◆ **Data segment**:
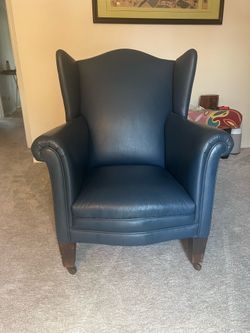 Blue leather wing back chair
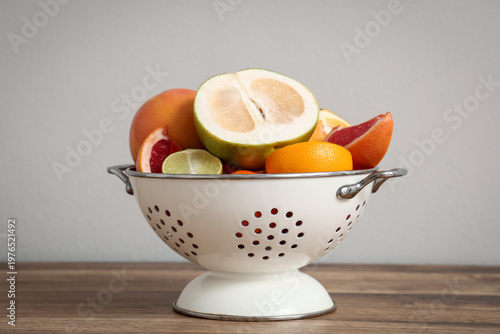 Colander with citrus fruits...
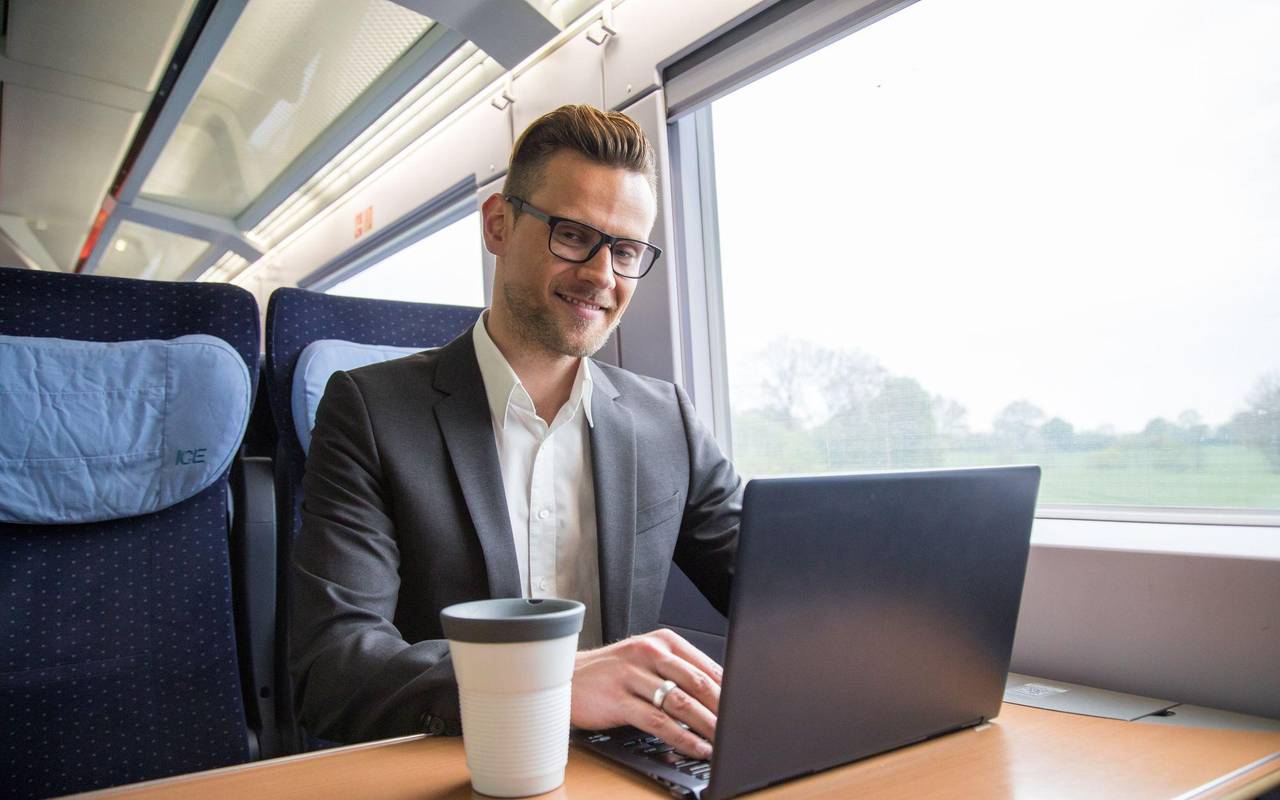 Ein mann arbeitet in einem Zug an einem Laptop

◆ **What the task asks**:
Copy out the material above exactly; the images stay out.

◆ **Task answer**:
 Blue leather wing back chair
 Colander with citrus fruits...
 Ein mann arbeitet in einem Zug an einem Laptop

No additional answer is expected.